Exercise requirements →
Reproduce exactly the lines of this material that begin at the line with "Giraffe Mascot Costume" and end at the line with "2020 Mazda CX-3 Maxx Sport DK", both included. Omit the pictures and everything else.

Extracted information →
^^^^

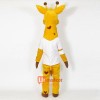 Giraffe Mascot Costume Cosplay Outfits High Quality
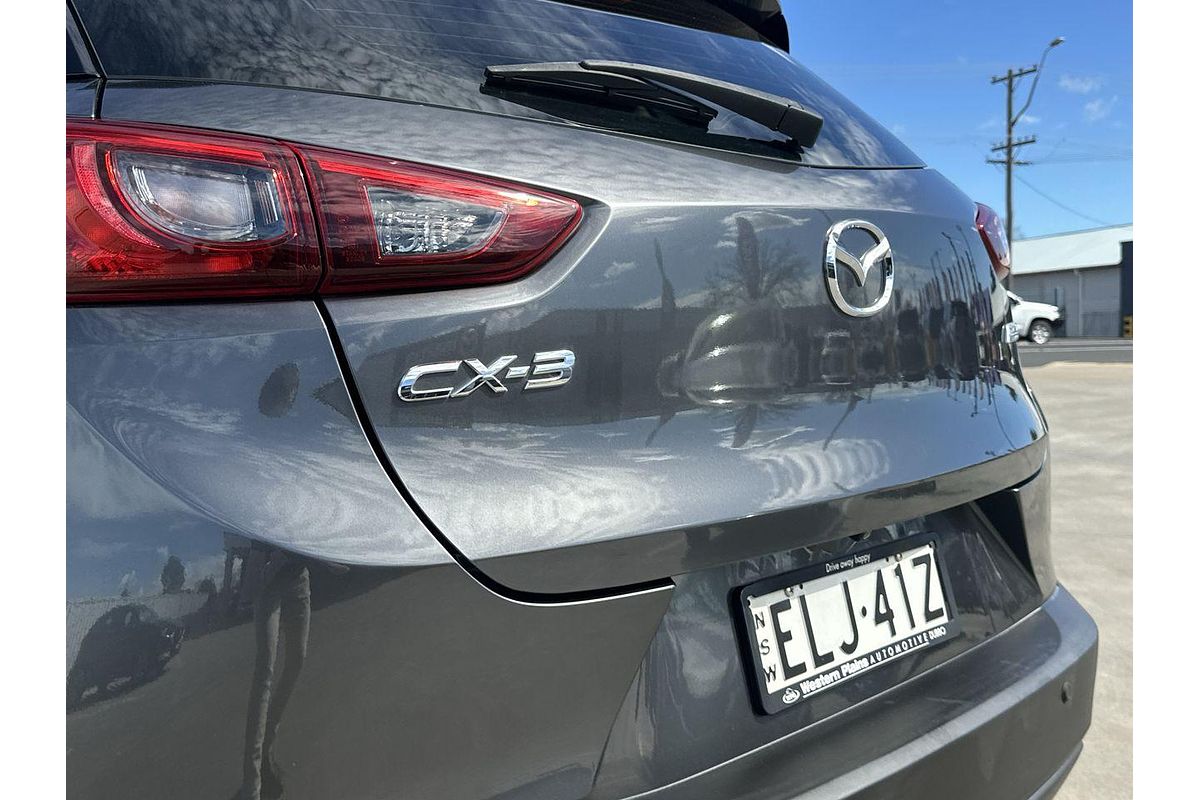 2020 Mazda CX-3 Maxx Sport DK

^^^^

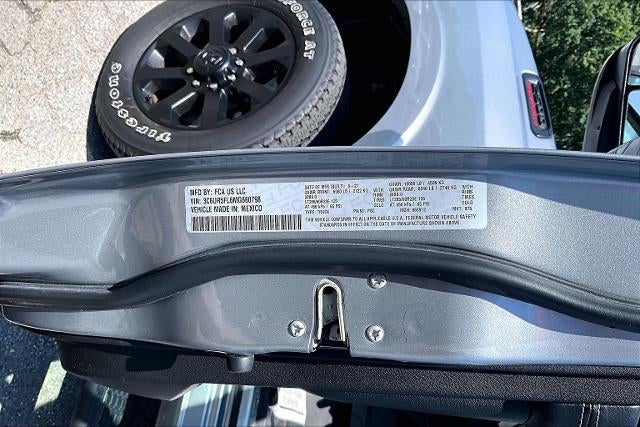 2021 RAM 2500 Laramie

^^^^

Exercise output →
 Giraffe Mascot Costume Cosplay Outfits High Quality
 2020 Mazda CX-3 Maxx Sport DK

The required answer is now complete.